The lines needed are those from the start of the records through the line holding "テフロカクタス ゲオメトリクス+plantsmonsters pot", each copied exactly.

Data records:

=== Section Start ===

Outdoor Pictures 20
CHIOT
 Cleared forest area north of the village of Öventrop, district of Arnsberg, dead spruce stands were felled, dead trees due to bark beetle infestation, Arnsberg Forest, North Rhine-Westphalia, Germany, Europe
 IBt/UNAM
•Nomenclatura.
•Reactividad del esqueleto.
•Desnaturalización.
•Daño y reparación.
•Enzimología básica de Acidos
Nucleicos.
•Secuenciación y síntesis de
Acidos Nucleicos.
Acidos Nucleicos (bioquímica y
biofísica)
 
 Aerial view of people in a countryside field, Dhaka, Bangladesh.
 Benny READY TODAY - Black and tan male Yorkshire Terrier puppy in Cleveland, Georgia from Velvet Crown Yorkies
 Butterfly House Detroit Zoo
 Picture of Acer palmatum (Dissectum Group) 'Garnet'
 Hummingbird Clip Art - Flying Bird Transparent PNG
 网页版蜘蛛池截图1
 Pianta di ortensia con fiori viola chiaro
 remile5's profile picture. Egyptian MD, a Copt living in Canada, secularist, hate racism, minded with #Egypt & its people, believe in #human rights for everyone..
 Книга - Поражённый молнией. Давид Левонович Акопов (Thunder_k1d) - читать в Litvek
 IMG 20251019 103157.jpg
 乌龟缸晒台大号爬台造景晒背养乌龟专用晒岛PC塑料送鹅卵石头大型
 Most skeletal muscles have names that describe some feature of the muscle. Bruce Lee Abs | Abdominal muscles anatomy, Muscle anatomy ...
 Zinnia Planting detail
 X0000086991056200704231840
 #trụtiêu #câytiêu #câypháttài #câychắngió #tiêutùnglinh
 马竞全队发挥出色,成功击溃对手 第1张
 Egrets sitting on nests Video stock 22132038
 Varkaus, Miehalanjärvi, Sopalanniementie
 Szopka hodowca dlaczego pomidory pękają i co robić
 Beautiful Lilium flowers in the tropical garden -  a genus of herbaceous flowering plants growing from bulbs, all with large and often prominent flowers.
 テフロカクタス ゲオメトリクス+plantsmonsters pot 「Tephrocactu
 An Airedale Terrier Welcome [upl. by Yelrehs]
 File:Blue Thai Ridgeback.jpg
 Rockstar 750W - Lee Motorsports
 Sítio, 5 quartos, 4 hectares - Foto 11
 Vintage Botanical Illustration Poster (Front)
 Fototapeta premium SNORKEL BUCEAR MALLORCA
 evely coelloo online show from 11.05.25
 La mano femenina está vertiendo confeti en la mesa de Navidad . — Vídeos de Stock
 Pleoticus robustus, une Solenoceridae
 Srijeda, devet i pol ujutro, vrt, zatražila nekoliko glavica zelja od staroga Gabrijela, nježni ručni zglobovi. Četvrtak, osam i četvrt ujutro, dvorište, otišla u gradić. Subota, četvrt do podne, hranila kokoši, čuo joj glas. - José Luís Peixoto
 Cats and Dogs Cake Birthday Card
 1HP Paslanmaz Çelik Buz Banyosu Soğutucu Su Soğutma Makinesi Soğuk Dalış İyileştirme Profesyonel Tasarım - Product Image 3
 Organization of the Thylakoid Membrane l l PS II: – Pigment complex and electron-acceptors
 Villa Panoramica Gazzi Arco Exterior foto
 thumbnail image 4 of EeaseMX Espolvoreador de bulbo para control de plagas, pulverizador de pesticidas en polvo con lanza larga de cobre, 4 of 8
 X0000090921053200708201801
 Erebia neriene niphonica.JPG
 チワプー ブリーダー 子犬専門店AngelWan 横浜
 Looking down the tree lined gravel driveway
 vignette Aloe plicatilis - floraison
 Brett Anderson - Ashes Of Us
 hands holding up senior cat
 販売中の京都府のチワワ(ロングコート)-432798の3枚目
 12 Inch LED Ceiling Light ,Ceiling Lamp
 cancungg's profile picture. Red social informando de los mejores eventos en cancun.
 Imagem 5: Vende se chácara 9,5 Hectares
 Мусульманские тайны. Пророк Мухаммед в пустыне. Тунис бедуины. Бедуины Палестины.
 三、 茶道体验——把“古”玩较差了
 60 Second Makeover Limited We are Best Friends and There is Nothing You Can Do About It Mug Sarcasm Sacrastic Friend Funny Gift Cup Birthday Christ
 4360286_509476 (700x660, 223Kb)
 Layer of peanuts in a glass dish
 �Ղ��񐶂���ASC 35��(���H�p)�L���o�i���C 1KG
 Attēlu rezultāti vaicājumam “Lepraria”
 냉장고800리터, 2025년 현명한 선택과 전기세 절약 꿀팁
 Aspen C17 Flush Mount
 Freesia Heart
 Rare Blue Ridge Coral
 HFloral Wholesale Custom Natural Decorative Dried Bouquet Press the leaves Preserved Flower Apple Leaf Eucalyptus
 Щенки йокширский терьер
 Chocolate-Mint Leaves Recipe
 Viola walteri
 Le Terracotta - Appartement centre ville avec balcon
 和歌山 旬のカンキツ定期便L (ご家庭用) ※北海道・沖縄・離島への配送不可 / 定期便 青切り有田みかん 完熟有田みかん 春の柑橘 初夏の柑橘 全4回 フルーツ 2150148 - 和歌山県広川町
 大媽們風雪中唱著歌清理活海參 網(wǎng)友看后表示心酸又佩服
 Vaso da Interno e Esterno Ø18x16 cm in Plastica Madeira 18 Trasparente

=== Section End ===

Response to the task:
Outdoor Pictures 20
CHIOT
 Cleared forest area north of the village of Öventrop, district of Arnsberg, dead spruce stands were felled, dead trees due to bark beetle infestation, Arnsberg Forest, North Rhine-Westphalia, Germany, Europe
 IBt/UNAM
•Nomenclatura.
•Reactividad del esqueleto.
•Desnaturalización.
•Daño y reparación.
•Enzimología básica de Acidos
Nucleicos.
•Secuenciación y síntesis de
Acidos Nucleicos.
Acidos Nucleicos (bioquímica y
biofísica)
 
 Aerial view of people in a countryside field, Dhaka, Bangladesh.
 Benny READY TODAY - Black and tan male Yorkshire Terrier puppy in Cleveland, Georgia from Velvet Crown Yorkies
 Butterfly House Detroit Zoo
 Picture of Acer palmatum (Dissectum Group) 'Garnet'
 Hummingbird Clip Art - Flying Bird Transparent PNG
 网页版蜘蛛池截图1
 Pianta di ortensia con fiori viola chiaro
 remile5's profile picture. Egyptian MD, a Copt living in Canada, secularist, hate racism, minded with #Egypt & its people, believe in #human rights for everyone..
 Книга - Поражённый молнией. Давид Левонович Акопов (Thunder_k1d) - читать в Litvek
 IMG 20251019 103157.jpg
 乌龟缸晒台大号爬台造景晒背养乌龟专用晒岛PC塑料送鹅卵石头大型
 Most skeletal muscles have names that describe some feature of the muscle. Bruce Lee Abs | Abdominal muscles anatomy, Muscle anatomy ...
 Zinnia Planting detail
 X0000086991056200704231840
 #trụtiêu #câytiêu #câypháttài #câychắngió #tiêutùnglinh
 马竞全队发挥出色,成功击溃对手 第1张
 Egrets sitting on nests Video stock 22132038
 Varkaus, Miehalanjärvi, Sopalanniementie
 Szopka hodowca dlaczego pomidory pękają i co robić
 Beautiful Lilium flowers in the tropical garden -  a genus of herbaceous flowering plants growing from bulbs, all with large and often prominent flowers.
 テフロカクタス ゲオメトリクス+plantsmonsters pot 「Tephrocactu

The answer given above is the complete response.